Problem details. Every line from the top of the records through the line containing "Gardening and smoking" should be retyped exactly; the pictures should not.

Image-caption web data
◇ ◇ ◇ ◇ ◇ ◇ ◇

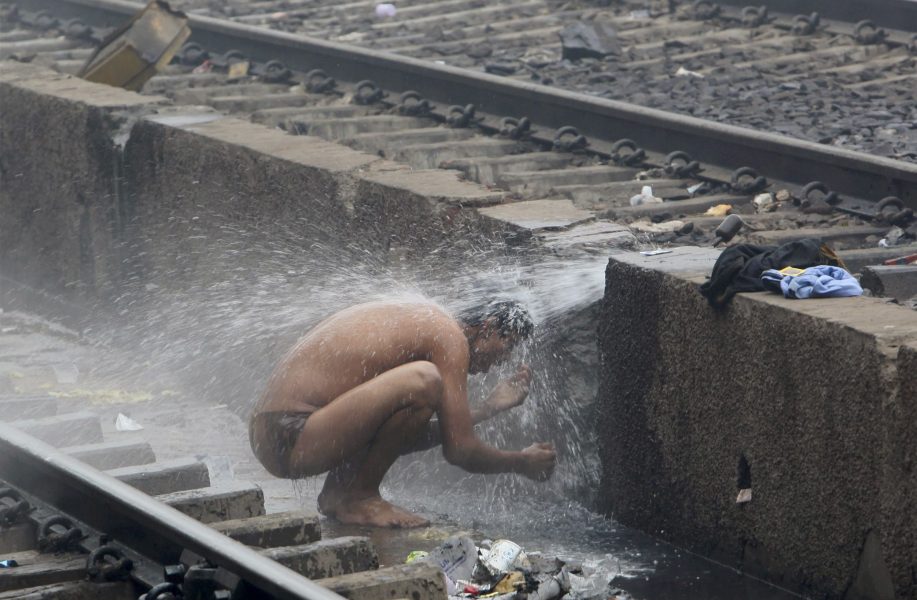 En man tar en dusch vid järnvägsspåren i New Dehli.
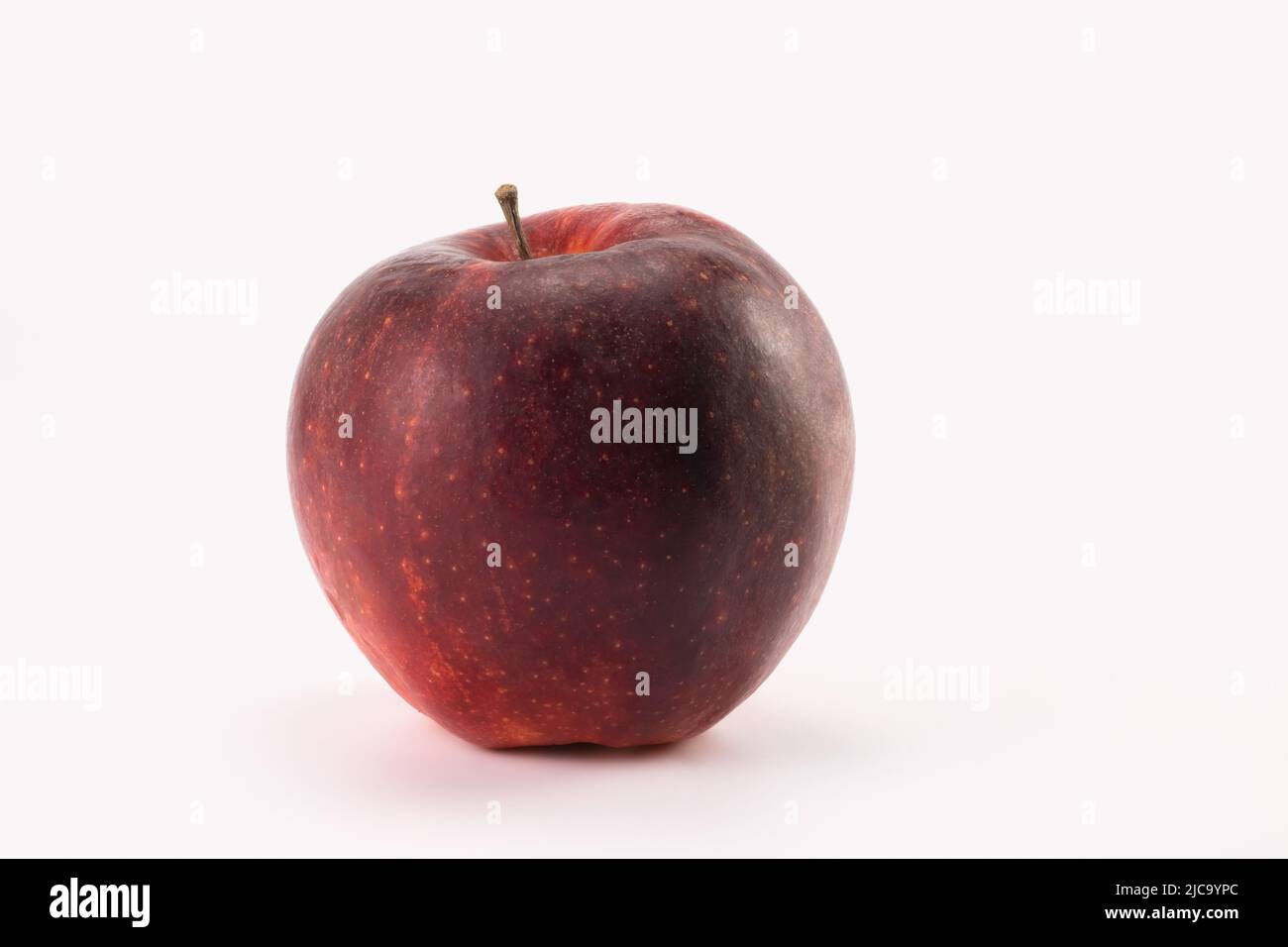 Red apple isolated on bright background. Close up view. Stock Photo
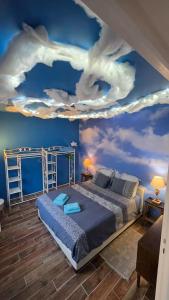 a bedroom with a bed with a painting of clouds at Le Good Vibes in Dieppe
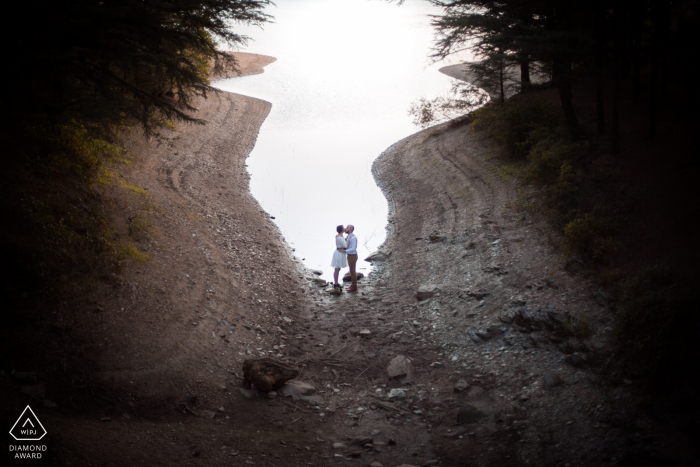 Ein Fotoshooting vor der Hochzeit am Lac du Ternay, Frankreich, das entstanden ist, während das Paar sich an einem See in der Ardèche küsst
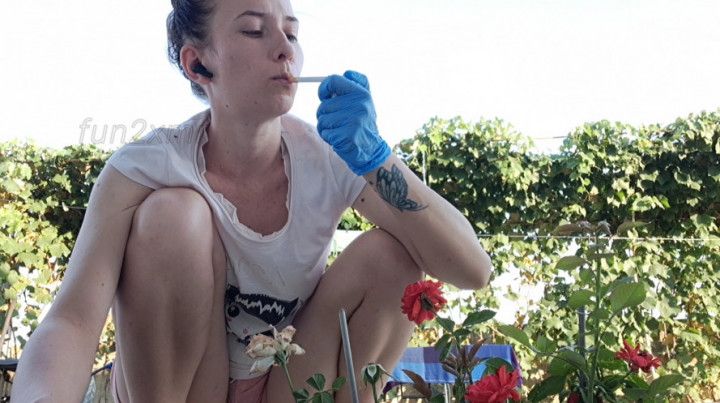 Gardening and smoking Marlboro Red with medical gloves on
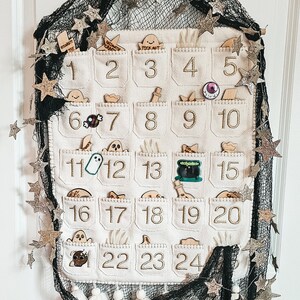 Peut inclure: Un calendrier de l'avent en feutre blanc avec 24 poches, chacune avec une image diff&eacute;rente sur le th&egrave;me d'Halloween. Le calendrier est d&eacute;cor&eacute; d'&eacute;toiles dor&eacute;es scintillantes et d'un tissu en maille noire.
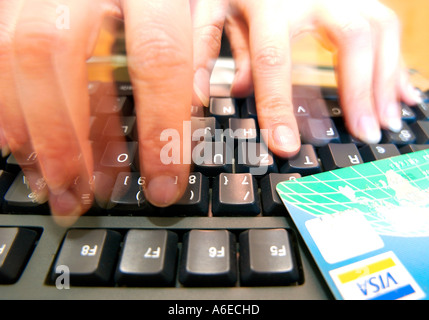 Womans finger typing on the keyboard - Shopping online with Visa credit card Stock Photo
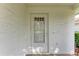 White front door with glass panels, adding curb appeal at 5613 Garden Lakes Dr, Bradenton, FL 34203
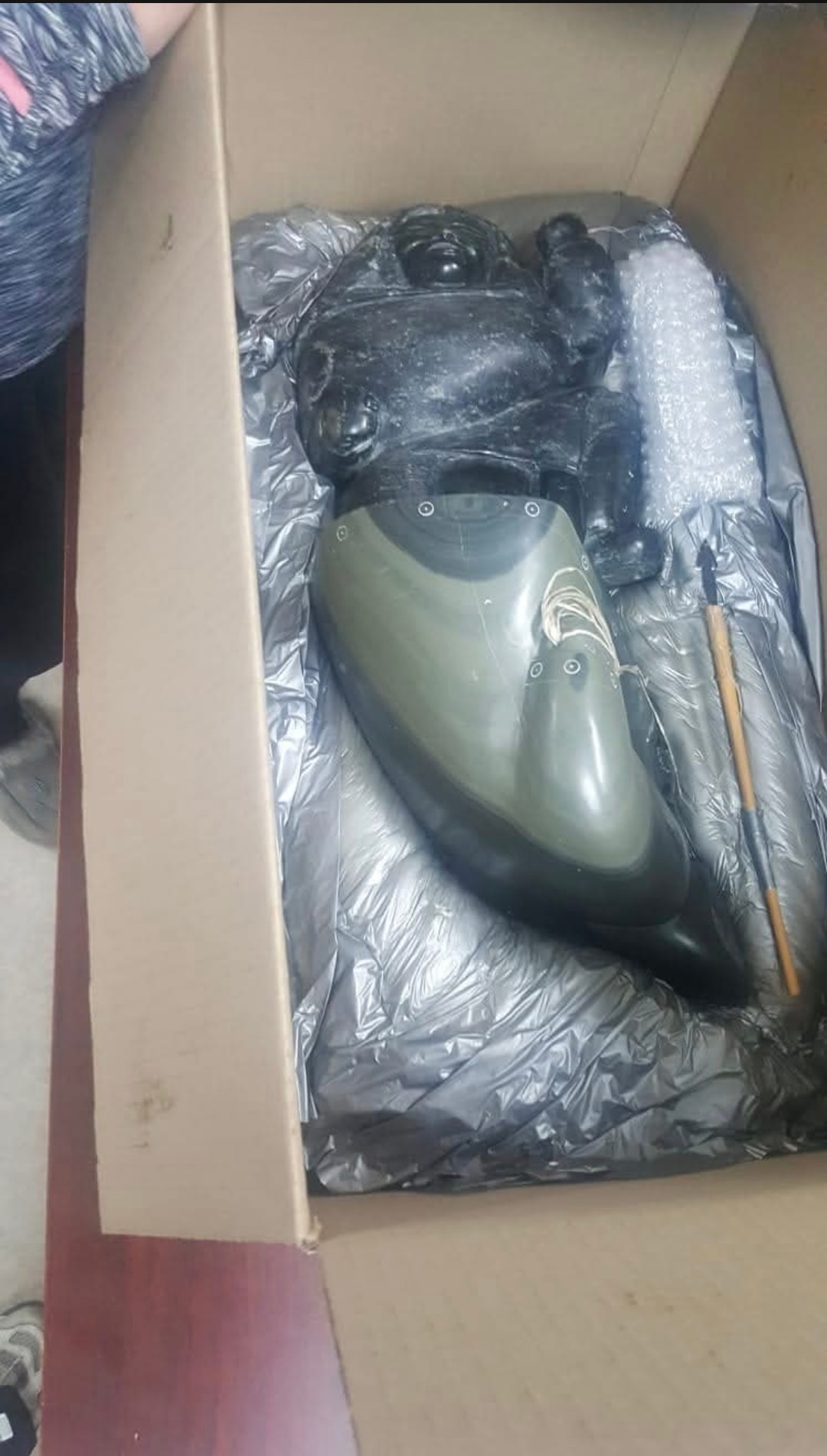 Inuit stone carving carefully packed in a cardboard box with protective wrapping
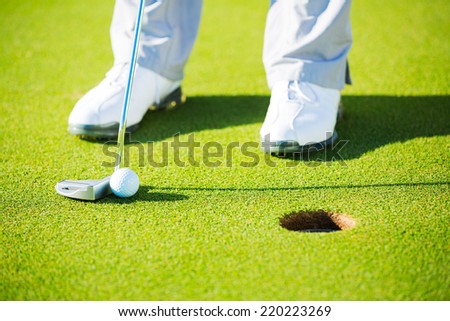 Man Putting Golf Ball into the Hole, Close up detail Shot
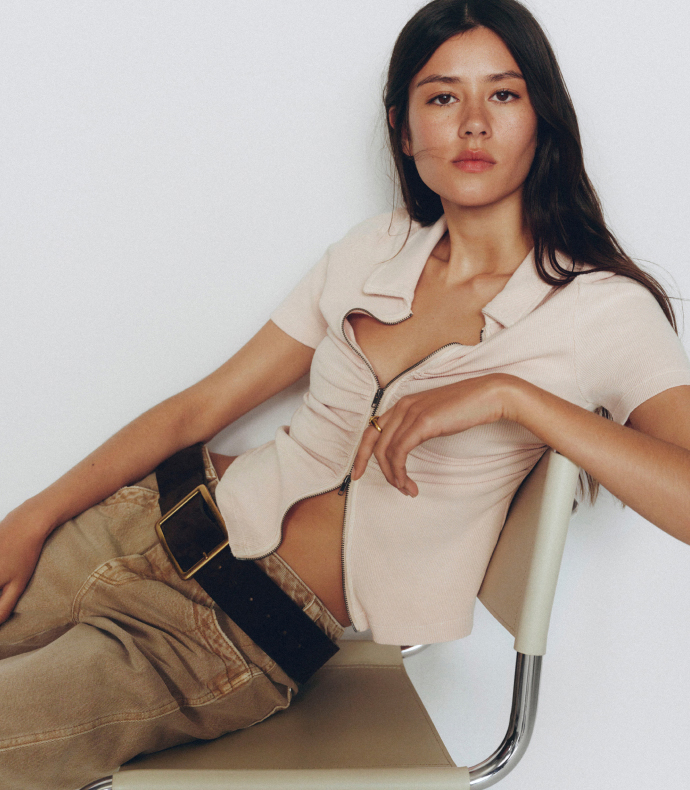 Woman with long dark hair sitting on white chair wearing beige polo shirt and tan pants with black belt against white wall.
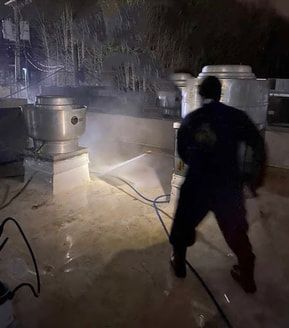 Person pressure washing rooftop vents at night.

◇ ◇ ◇ ◇ ◇ ◇ ◇

Reply.
 En man tar en dusch vid järnvägsspåren i New Dehli.
 Red apple isolated on bright background. Close up view. Stock Photo
 a bedroom with a bed with a painting of clouds at Le Good Vibes in Dieppe
 Ein Fotoshooting vor der Hochzeit am Lac du Ternay, Frankreich, das entstanden ist, während das Paar sich an einem See in der Ardèche küsst
 Gardening and smoking Marlboro Red with medical gloves on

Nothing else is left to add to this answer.